Over Here Not Yet
Renée Rhodes and Shaghayegh Cyrous
March 10 – April 22, 2018
Over Here Not Yet
Exhibition Dates: March 10–April 22, 2018
Opening Reception: Saturday, March 10, 7–10 pm
NEW Gallery Location: 300 Jefferson Street, Oakland, CA 94607
Special Event: Artists in Conversation, April 20, 7–9 pm
Over Here Not Yet presents an installation by Shaghayegh Cyrous and two video works by Renée Rhodes. Both artists explore the literal and psychological ways digital technologies can expand, obscure, limit, and complicate our contemporary experience of place and our capacity for connection. The exhibition investigates how we try and try again to establish closeness and connection with the people and places we call home.

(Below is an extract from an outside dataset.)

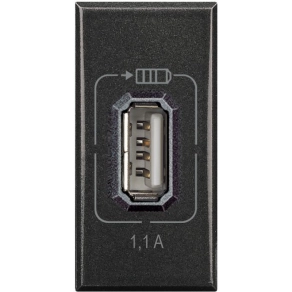 Axolute HS4285C1 Axolute USD töltő 1m fekete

Cyrous’s installation The Closest I Could Get to the Sun creates an immersive environment in which viewers watch and listen to a Skype video conversation between the artist in San Francisco and her mother in Tehran, Iran. Her mother walks around her garden, describing it for Cyrous, who can not return home due to travel restrictions in the United States and political threats in Iran. Oscillating between a hopeful potential for meaningful connection and a frustrating lack of closeness, The Closest I Could Get explores our ongoing attempts to substitute digital proximity for physical presence.
In Rhodes’s Incorporations series, the artist erases the separation between her body and the natural landscape through an exercise in visual camouflage. Though her skin can not chameleon, Rhodes employs printed fabrics, measured movements, and digital imaging tools to mimic the colors and contours of the horizon line. Her work invites viewers to trace the visual and physical gaps between her body and the space she inhabits, drawing attention to moments of failure and the impossibility of a perfect connection.

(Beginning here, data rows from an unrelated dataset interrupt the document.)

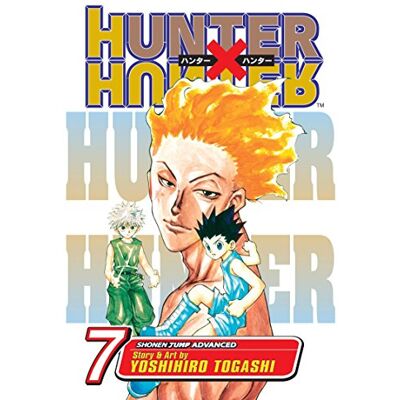 Togashi, Yoshihiro Hunter x Hunter Volume 7 - Publicité Togashi, Yoshihiro Hunter x Hunter Volume 7 - Publicité
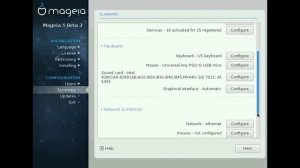 Mageia 5 Beta3 KDE Desktop 64-bit. Install and review.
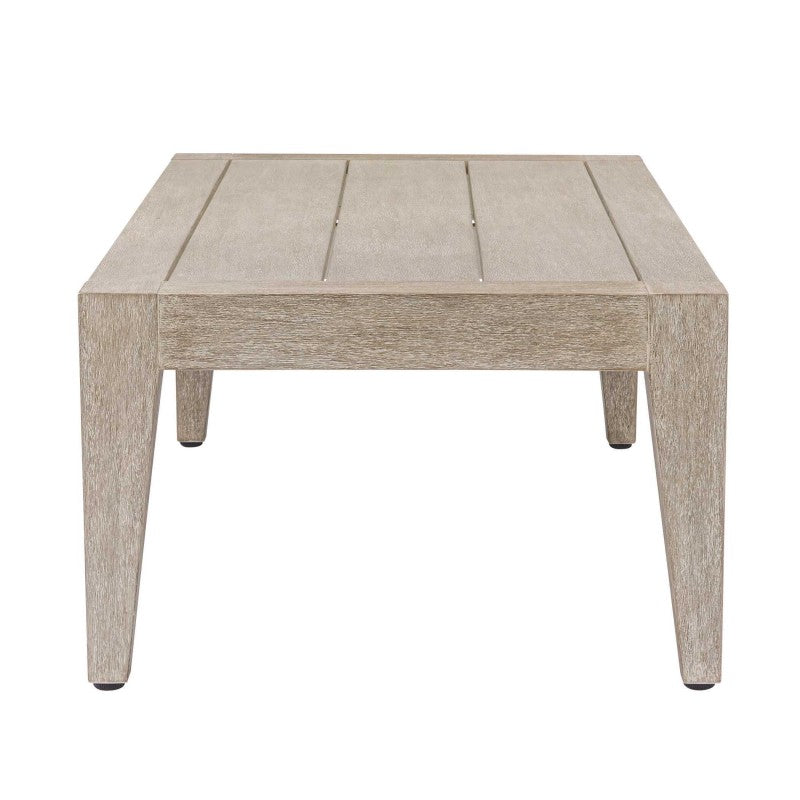 Kirkham - Indoor-Outdoor Wood Coffee Table - Woodtone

The artists in Over Here Not Yet reflect on the digital technologies that influence our contemporary experience of place and home. Central to the works in the exhibition is a sense of effort, of trying to be near, of, and in a place, but never fully succeeding. At times optimistic and at times distressing, the works reflect on a familiar place of disjunction between attempt and failure, closeness and distance, which is facilitated and shaped by the technology of our times.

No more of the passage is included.